The evening helped. Some of our investors were clearly reassured just speaking to others considering the proposition. Gary, one of the committed angel investors, was particularly excited and he had plenty of ideas for us. 

Again, we didn’t know how important this would be.

October 2018: An unexpected opportunity

I was due to give birth in October and was eager to close the round before I went on leave. It would mean our overstretched core team of three wouldn’t become a team of two – we could hire and grow.

During this time, we were up to £200k committed, but no term sheets had been signed. While considering the investment, Gary sent us information about the WeWork Creator Awards. 

The deadline for the awards was only a couple of days away, and we’d decided to stop doing competitions and focus on angels. I told him that we’d look at the competition next year, but he insisted it was worth a shot.

We’d had a few potential investors make an issue of my pregnancy and it was beyond the point where baggy clothes would help

Against all reason, I cleared an afternoon from my diary to do the application, tweak our deck to fit the requirements and edit down our crowdfunding video to meet the application criteria.

We forgot about it until weeks later when Joycelyn and I were invited to the semi-finals – then the final.

We had a great pitch deck because we’d worked on it for so long. We had a good video because we’d crowdfunded (or tried to). We had our pitch perfect because we had done it so many times. We had our documents ready for the due diligence process because we were going through it with angels. 

The final was on my due date and we weren’t sure if my bump would get in the way of the judges hearing our pitch. We’d had a few potential investors make an issue of my pregnancy and it was beyond the point where baggy clothes would help. After reading the WeWork values, I was sure they wouldn’t discriminate.

That Thursday, Joycelyn and I prayed backstage as the event opening music played. I took to the stage with Joycelyn, ready to jump win if my waters broke.

After being grilled by the judges, we were beyond shocked to win $360,000!

Nov 2018 – April 2019: The close

After that, the angels who were on the fence either became a yes, or we told them it was a no. We were able to raise £60k from a small selection of black angel investors. 

In this crazy period, WeWork flew Joycelyn to New York and she competed against winners from around the world and secured our place at the LA Global Finals, where we won a further $180k (£144k) convertible prize from celebrity judges Ashton Kutcher, Gary Vee, Kristen Green and Sean ‘Diddy’ Coombes. 

We were also selected for the inaugural Backstage Capital accelerator from over 1800 applicants.

It took months to close the round and the full funds didn’t arrive until April.
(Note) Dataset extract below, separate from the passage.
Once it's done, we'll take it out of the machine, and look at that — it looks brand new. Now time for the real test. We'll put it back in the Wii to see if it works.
That’s about six months from signing the first term sheet to receiving the cash. If it wasn’t for the angel investors swiftly buying shares, that could have been a disaster. 
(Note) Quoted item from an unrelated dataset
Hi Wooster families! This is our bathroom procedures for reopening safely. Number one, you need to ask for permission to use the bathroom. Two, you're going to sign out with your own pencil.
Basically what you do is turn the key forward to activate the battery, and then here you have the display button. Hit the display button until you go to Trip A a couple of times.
Where are we now? We’re working on raising £3-5 million in late 2020. As fundraising can take such a long time, we’re already having conversations with several of our top choice investors.

On reflection

Venture Capital isn’t for everyone. Even angel investment isn’t necessarily the best route. Set out your vision and roadmap before you start speaking to investors. 
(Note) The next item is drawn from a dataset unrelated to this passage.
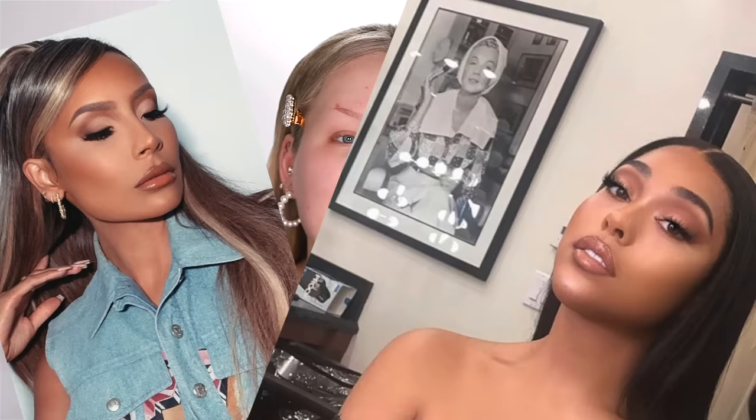Hello guys, it's me Nikki. A couple of weeks ago over on Twitter at NikkiTutorials — if you're not following me — someone created this conversation about how this soft beat is so popular right now. You see it on all the influencers, you see it on all the celebrities, and it's a type of makeup look where it looks natural in a very glam and extra way.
If your aims are global, you’ll likely need investment. If you can achieve your mission by reinvesting profits, then that’s the best route to take. Fundraising is draining and time-consuming – only do it if you have to.

Last, the invaluable advice we received along the way was only available to us because they knew we were growing the company and raising investment. Everyone knew we were raising. 

We’ve had some criticism over this approach, but in a system that works against us, underrepresented founders need to make themselves seen. 

When you do the work to be visible, things start to happen.